** Input for this task follows **
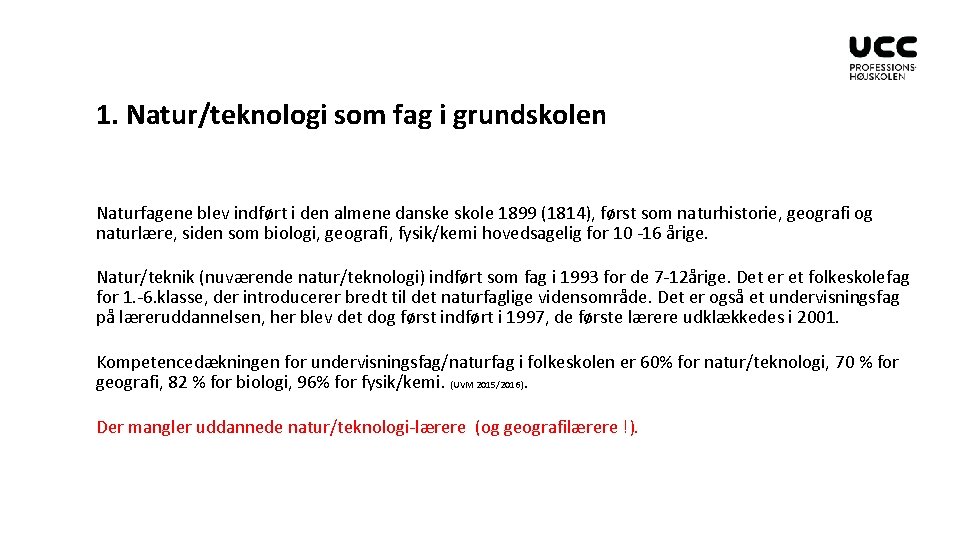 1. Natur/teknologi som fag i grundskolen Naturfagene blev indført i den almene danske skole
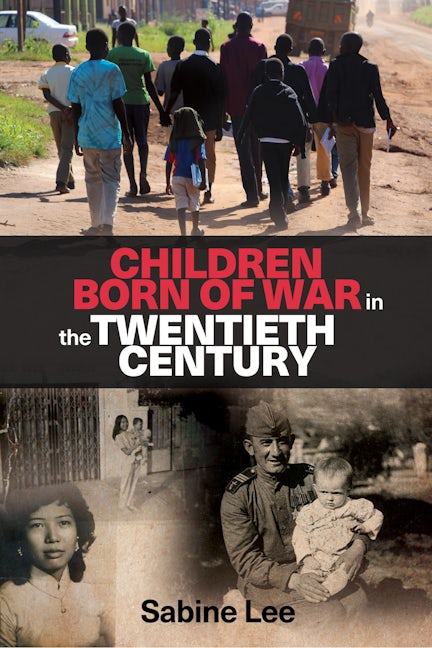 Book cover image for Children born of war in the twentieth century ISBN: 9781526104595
** End of Input for this task **
** Input for this task follows **
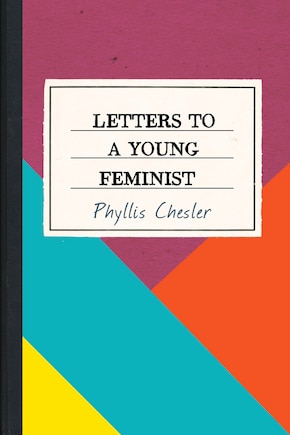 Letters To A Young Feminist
** End of Input for this task **
** Input for this task follows **
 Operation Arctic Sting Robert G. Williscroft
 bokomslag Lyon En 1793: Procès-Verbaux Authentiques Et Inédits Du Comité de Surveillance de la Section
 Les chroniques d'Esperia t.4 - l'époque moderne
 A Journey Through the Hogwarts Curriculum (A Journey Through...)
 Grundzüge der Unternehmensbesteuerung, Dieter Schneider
** End of Input for this task **
▶ _What the task requires_: Using the entries above, repeat only the lines from the one containing "bokomslag Lyon En" through the one containing "Grundzüge der Unternehmensbesteuerung, Dieter", end lines included.

▶ _Task result_:
 bokomslag Lyon En 1793: Procès-Verbaux Authentiques Et Inédits Du Comité de Surveillance de la Section
 Les chroniques d'Esperia t.4 - l'époque moderne
 A Journey Through the Hogwarts Curriculum (A Journey Through...)
 Grundzüge der Unternehmensbesteuerung, Dieter Schneider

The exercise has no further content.